Brief descriptive captions:

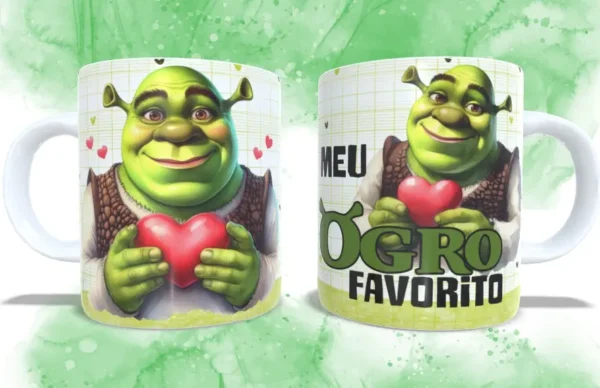 Presente DIY Dia dos Namorados - Artes Caneca Fiona e Shrek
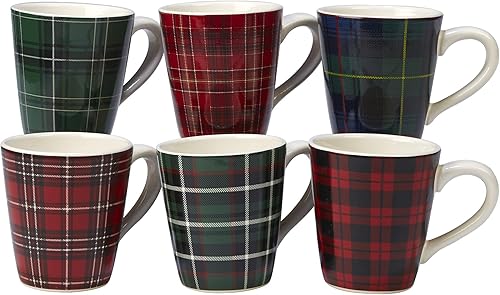 Certified International Taza de Navidad a cuadros de 16 onzas, juego de 6 diseños surtidos, 6 unidades (paquete de 1),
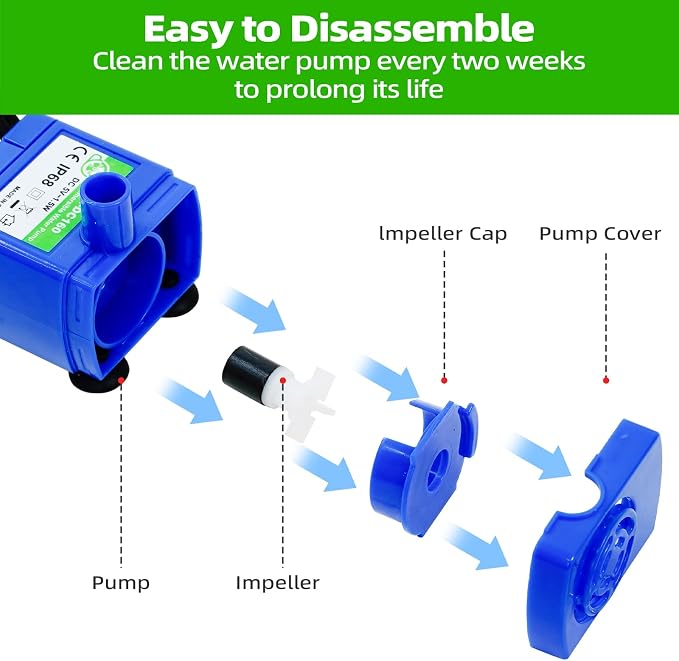 Cat Water Fountain Pump replacement(No Led & with Brush), IP68 DR-DC 160 submersible motor Submersible Water Pump for Stainless Steel, Ceramic Cat Water Fountain, Ultra Quiet Pet Fountain Pump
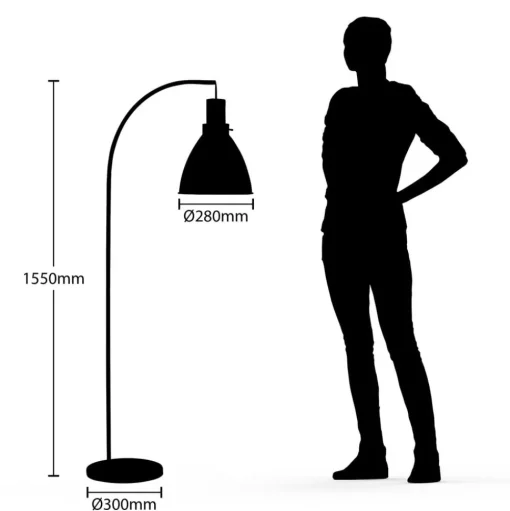 Lindby vloerlamp Trebale, zwart, hout, 154 cm, E27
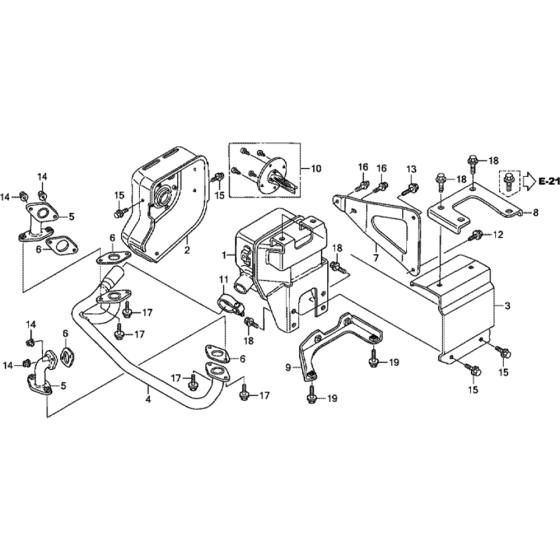 Muffler Assembly for Honda GCV520U (GJABK) Engines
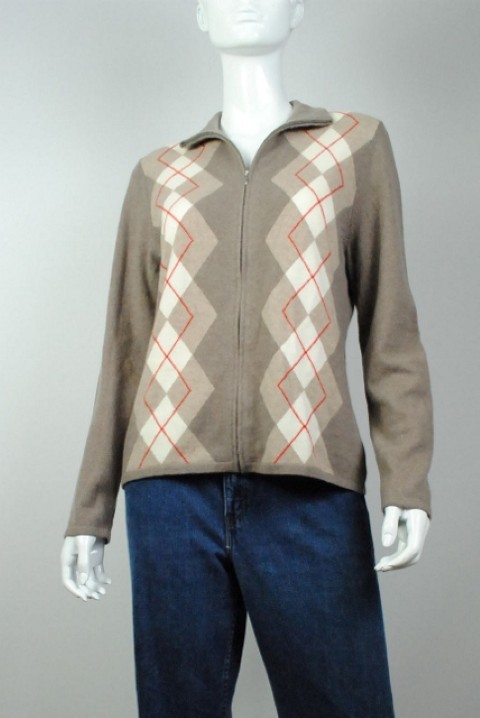 new cashmere by charter club womens full zip brown sweater l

### THE TASK
Your copy should hold exactly the lines from the line bearing "Certified International Taza" through the end of the data, both included, and no pictures or anything further.

### SOLUTION
 Certified International Taza de Navidad a cuadros de 16 onzas, juego de 6 diseños surtidos, 6 unidades (paquete de 1),
 Cat Water Fountain Pump replacement(No Led & with Brush), IP68 DR-DC 160 submersible motor Submersible Water Pump for Stainless Steel, Ceramic Cat Water Fountain, Ultra Quiet Pet Fountain Pump
 Lindby vloerlamp Trebale, zwart, hout, 154 cm, E27
 Muffler Assembly for Honda GCV520U (GJABK) Engines
 new cashmere by charter club womens full zip brown sweater l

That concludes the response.